John Wood Group has seen its revenue drop in the first quarter of the year by 6% year-on-year to $1.46bn (£1.17bn).

The financial report comes after the engineering firm rejected a takeover bid from Dubai-based firm, Sidara, for £1.4bn yesterday.

Analysts have stated that following this announcement, share prices at John Wood Group increased by 16%.

The company's board saidit had considered the proposal but concluded that it "fundamentally undervalued Wood and its future prospects".

Despite the year-on-year revenue drop, the firm reported that its order book, as of 31 March, had increased by 9% in the same period, reaching $6.2bn (£4.96bn).

Operations revenue also increased by 5% to $624m (£500m), with the group stating that this had been driven by higher activity levels across Europe and the Middle East.

Chief executive officer at John Wood Group, Ken Gilmartin, said: "We are now in the second year of our growth strategy and are making good progress, with EBITDA growth, margin expansion and an order book 9% higher than a year ago. We continue to win exciting and complex work across energy and materials, with sustainable solutions representing 40% of our pipeline.

"We are progressing with our simplification programme and have made some significant appointments this year including welcoming Arvind Balan as our new CFO. I am proud of the strong leadership team we have in place and confident that we will deliver on our significant potential. We are today reiterating our EBITDA guidance for 2024 and our outlook for 2025."

Looking forward, John Wood Group said that its financial performance will be weighted on the second half of the year, which is the typical seasonality of its business.

Its net debt is expected to be at similar levels to that of the previous financial, and it has stated that it believes that its EBITDA growth in 2025 will exceed its medium-term target.

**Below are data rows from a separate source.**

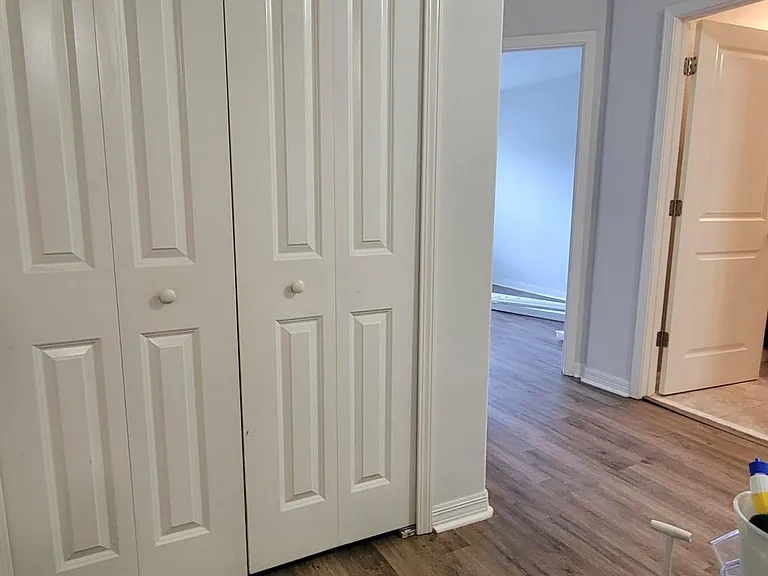 10713 Moonlight Mile Way — Photo 13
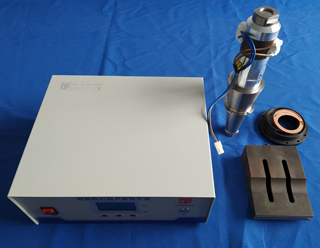 �����l(f��)��������Щ��(y��u)�c��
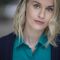 Betsy Graver Photo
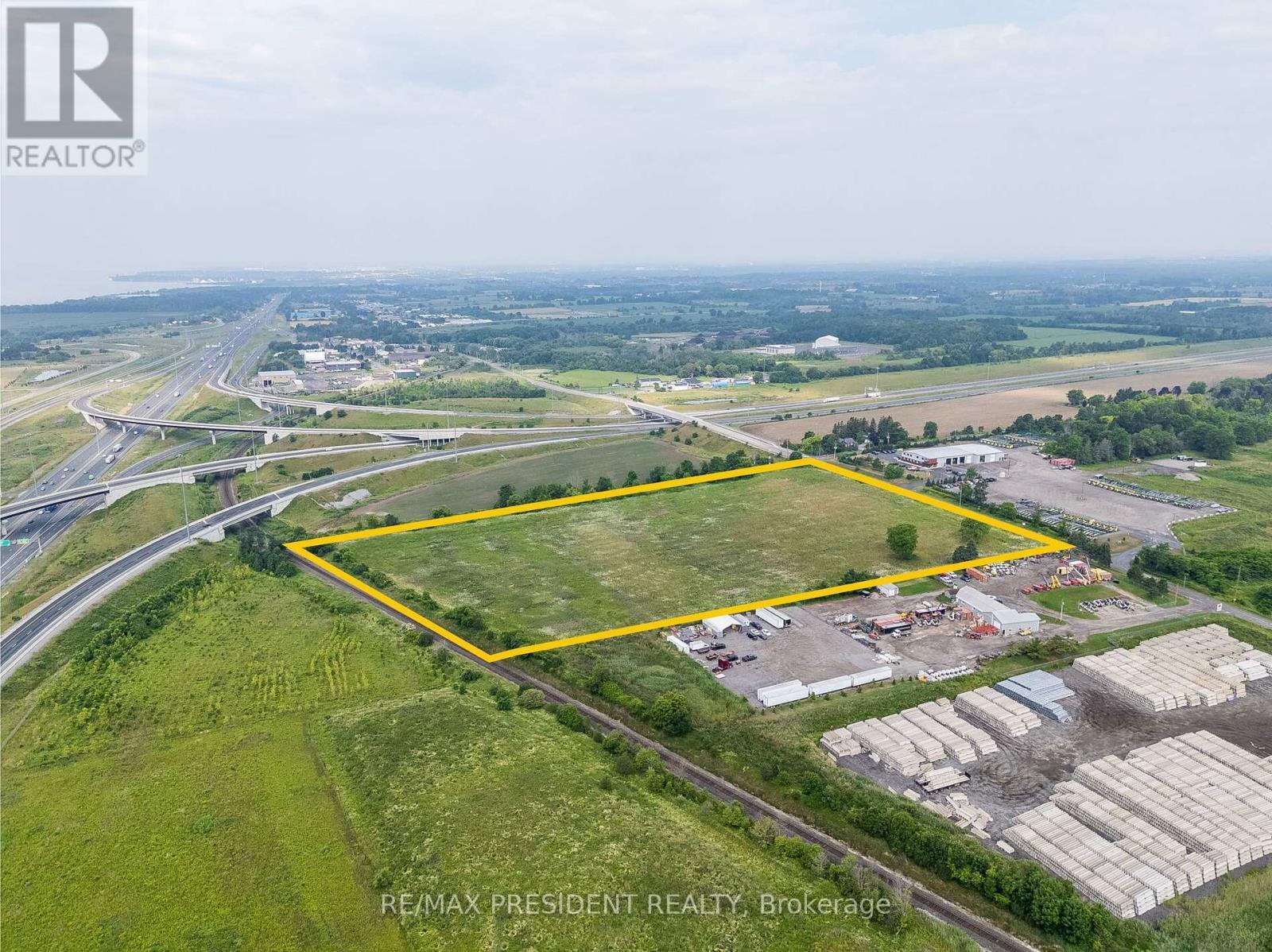 1977 Baseline Road W, Clarington, ON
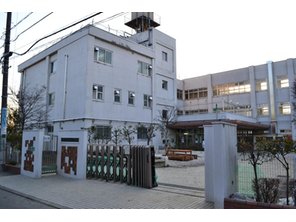 小学校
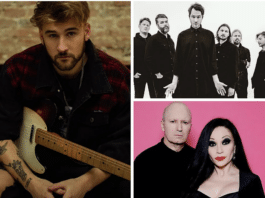 El festival Low se traslada a Torrevieja tras 15 años en Benidorm – Anunciado el primer cartel para 2026 Baltimore Productions hizo hincapié en que el “espíritu más auténtico” del festival reside en la gente, no en el lugar, y expresó su sincero agradecimiento a los residentes, trabajadores y empresas de Benidorm por su apoyo a lo largo de los años.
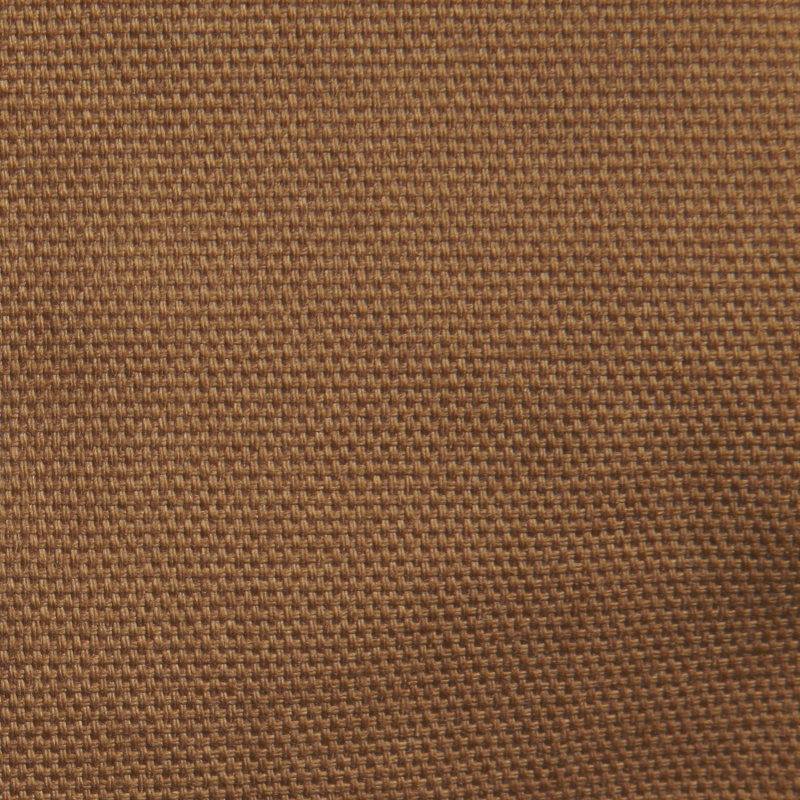 Picture of Covercraft CVR Toyota Seat Covers - GTT4578CABN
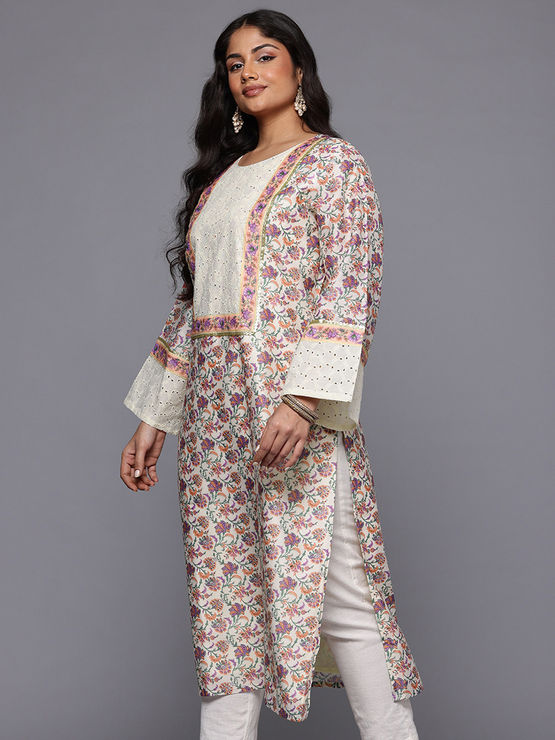 product-image/2004121/3.jpg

Head of financial analysis at AJ Bell, Danni Hewson, added: "Setting the pace on the FTSE 250, engineering services company John Wood Group saw shares surge more than 16% on the news that it’s once again come to the attention of a would-be suitor.

"The fact the offer from Dubai-based Sidara ‘fundamentally undervalued’ the company and was summarily rejected will only pour more fuel on speculation that the business may not hang around London markets for long either.

"Activist investors have been pushing for change and the share price moves today suggest investors expect Sidara could sweeten the pot, or former suitor Apollo might take another look."